Input data below:

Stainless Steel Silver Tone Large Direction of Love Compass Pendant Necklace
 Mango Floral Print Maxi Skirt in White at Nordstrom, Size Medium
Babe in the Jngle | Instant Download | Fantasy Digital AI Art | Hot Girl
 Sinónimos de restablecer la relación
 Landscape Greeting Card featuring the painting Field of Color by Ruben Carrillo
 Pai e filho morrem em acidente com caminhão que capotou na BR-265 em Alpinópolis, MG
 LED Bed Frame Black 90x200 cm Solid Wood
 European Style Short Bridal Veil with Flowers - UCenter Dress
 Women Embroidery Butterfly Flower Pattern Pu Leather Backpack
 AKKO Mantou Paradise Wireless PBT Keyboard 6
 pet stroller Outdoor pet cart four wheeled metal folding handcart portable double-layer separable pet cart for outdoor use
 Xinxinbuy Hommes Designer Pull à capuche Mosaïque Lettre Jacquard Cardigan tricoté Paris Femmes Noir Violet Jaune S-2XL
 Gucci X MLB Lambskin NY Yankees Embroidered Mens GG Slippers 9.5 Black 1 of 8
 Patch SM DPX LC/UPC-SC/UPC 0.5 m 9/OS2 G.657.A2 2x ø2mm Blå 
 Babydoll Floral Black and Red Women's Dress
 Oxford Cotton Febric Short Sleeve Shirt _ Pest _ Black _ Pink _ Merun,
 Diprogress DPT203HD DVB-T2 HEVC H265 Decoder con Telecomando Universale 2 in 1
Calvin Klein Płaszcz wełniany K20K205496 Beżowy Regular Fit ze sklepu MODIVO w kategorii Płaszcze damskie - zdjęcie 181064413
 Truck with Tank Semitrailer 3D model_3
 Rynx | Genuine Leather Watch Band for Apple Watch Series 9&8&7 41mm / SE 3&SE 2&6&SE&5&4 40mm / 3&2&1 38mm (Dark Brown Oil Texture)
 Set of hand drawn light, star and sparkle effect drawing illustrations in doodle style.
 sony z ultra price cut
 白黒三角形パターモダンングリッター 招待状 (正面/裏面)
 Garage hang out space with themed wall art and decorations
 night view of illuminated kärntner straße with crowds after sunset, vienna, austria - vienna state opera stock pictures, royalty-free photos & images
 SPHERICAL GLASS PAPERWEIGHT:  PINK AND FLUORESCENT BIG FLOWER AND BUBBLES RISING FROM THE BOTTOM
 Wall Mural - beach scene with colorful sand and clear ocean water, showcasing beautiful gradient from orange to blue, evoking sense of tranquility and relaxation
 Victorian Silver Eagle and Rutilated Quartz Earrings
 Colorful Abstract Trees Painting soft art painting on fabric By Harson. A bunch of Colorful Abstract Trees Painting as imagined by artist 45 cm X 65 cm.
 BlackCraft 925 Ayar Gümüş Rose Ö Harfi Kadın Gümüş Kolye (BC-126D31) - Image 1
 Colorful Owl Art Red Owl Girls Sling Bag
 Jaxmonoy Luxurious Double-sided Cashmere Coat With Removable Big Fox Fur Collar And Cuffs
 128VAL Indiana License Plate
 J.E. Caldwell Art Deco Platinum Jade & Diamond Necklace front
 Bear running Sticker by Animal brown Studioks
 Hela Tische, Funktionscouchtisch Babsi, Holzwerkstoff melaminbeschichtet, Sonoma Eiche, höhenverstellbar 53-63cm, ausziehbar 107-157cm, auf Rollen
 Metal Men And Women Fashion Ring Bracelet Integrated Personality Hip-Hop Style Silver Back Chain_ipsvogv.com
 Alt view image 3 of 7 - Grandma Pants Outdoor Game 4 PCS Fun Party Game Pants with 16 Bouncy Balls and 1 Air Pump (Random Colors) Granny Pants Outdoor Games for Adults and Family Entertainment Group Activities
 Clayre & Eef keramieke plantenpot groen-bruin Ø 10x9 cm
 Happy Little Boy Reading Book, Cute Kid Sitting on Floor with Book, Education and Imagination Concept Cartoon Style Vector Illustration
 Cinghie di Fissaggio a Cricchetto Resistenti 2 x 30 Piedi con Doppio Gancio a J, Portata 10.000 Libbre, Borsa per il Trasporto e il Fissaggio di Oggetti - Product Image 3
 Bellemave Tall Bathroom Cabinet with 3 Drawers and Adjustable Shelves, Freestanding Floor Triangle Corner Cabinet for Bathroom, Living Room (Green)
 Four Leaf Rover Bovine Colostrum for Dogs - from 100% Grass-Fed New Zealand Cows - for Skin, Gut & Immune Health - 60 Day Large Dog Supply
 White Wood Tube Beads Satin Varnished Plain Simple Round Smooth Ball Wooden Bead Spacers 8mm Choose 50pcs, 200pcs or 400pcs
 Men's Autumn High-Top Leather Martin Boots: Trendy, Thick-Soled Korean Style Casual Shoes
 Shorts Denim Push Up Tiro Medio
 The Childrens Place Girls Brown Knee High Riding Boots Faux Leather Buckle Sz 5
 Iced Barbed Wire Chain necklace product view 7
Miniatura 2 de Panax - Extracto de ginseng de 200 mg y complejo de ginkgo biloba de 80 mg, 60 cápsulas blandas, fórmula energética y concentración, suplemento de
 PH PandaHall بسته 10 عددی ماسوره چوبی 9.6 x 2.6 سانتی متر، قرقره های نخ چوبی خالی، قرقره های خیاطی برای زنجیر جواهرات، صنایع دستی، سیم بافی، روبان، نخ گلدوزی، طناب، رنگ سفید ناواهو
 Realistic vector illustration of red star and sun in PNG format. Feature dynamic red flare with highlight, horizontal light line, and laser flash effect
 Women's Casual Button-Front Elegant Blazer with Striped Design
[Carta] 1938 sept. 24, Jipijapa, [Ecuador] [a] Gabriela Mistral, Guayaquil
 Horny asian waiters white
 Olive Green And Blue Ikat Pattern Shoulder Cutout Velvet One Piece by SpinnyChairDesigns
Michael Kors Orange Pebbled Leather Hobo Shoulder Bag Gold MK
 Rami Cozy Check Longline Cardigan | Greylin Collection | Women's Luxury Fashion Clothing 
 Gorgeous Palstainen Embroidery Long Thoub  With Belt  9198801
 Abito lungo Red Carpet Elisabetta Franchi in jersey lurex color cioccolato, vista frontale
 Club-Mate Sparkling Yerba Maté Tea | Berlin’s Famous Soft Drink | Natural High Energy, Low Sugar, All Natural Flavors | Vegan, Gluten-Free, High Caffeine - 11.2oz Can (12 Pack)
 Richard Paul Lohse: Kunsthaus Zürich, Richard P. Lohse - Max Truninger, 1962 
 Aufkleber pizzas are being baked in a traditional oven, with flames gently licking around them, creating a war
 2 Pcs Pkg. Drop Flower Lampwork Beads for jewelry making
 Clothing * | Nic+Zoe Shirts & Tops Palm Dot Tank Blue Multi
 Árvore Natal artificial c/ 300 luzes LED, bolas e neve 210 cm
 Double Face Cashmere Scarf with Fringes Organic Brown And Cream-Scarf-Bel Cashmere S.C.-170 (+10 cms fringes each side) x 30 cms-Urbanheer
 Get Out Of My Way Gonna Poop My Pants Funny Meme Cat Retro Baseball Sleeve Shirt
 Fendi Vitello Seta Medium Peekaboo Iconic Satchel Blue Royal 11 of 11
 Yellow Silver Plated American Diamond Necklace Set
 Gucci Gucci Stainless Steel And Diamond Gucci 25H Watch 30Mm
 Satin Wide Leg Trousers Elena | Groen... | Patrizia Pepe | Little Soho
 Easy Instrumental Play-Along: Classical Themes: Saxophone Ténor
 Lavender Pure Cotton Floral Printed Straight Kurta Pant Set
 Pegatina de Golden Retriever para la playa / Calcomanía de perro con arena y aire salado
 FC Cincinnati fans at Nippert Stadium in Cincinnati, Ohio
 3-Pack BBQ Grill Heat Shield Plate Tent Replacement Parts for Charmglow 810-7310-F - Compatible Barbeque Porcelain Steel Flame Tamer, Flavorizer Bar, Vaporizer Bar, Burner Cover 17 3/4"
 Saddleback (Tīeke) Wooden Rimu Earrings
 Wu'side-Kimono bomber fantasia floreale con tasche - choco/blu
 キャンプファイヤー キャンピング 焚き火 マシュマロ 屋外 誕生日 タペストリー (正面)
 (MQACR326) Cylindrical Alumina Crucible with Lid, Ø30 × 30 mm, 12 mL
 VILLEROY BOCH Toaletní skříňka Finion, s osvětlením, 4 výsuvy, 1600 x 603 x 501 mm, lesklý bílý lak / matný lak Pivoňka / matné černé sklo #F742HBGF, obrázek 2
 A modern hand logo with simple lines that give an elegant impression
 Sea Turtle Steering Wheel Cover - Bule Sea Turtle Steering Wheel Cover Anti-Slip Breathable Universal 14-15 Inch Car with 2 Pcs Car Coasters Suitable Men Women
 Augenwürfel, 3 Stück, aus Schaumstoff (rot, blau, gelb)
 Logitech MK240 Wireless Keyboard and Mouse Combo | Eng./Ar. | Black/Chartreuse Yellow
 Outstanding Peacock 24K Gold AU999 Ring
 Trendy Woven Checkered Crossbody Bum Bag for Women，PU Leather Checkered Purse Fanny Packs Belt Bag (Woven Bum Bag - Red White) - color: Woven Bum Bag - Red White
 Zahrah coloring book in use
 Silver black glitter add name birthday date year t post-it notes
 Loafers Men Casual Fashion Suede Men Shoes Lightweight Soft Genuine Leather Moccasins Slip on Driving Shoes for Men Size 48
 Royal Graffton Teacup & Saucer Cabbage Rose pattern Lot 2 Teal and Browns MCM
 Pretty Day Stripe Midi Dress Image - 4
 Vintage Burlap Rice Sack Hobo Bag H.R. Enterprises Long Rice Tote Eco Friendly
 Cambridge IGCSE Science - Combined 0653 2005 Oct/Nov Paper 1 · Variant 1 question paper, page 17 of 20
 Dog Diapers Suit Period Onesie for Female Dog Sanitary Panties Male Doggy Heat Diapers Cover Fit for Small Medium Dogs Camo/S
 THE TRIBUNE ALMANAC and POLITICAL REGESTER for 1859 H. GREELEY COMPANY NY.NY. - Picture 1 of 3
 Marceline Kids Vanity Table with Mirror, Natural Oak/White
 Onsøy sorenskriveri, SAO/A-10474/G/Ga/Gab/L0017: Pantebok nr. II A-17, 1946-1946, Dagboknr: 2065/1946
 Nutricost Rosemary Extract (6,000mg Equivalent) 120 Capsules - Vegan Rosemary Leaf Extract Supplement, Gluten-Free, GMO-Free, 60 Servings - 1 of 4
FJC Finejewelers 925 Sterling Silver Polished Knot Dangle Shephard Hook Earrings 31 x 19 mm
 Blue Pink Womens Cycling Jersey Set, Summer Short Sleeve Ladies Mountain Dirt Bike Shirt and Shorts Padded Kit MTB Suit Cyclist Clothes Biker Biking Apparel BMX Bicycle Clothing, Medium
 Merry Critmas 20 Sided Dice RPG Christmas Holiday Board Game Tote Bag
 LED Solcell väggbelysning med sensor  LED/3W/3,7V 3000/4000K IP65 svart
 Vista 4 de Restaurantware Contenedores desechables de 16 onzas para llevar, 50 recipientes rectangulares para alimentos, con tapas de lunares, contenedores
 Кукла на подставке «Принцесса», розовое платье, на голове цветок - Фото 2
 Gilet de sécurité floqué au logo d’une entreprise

End of Input data.

== Your assignment ==
Write down, word for word, the lines above from the one containing "Men's Autumn High-Top" through the one containing "Iced Barbed Wire", both ends included.

== Your solution ==
 Men's Autumn High-Top Leather Martin Boots: Trendy, Thick-Soled Korean Style Casual Shoes
 Shorts Denim Push Up Tiro Medio
 The Childrens Place Girls Brown Knee High Riding Boots Faux Leather Buckle Sz 5
 Iced Barbed Wire Chain necklace product view 7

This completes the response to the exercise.